Okay there... game on. Politics. Tricky, right? (Or left?) Joking aside, this was a lot of fun to think about – so I am glad you asked. Thank you. I spun up a pretty big list in the brainstorming process – and went down a bit of a Google Images rabbithole - but in the end, I went with my first gut picks.
Right out of the gate, my first thought was Ronald Reagan. You can take the man out of Hollywood, but you can't take the Hollywood out of the man. Of course, he was an actor first, and that sense of confidence and magnetism, just the way he carried himself, are a big part of his style. He looked presidential in a suit for sure – but it was his Western look that has stayed in my head. California cowboy cool.
Next up, the Kennedy brothers – a two-for-one. John F (JFK, or Jack) and Robert (Bobby) Kennedy.
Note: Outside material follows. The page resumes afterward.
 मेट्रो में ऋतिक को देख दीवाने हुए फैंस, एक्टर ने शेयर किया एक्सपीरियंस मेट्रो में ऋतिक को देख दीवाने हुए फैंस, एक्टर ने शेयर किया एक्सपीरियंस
I won't go on again about how my major design influences come from the 1960s (and mostly from television, not politics, since I was just a kid,) but those guys have the same stylish look as so many of the men I looked up to. And, like Reagan, they both exuded charm and charisma. (Of course it helps to be handsome as all get-out.) They both wore suits in that easy, natural way... they were comfortable in them. Bobby in particular - you could envision him going home to his 11 (!) children and not being afraid of some sticky-fingered son clambering up into his lap, or throwing the ball around the yard before dinner. On them, a suit looks like what I'm always preaching – a uniform you can live in, work in, and feel comfortable in. When I think of their best looks, my mind goes to Bobby on the 1968 campaign trail, in a grey suit, repp tie and white pocket square. And while it's easy to think of JFK addressing the nation, my mind goes to him on a boat in a polo or summer-weight sweater and khaki pants. Those images of American presidential romance are kind of burned in my head, and I know I'm not the only one. American Trench, where we get a lot of our socks, designed their original Kennedy style from a photograph of JFK watching America's Cup.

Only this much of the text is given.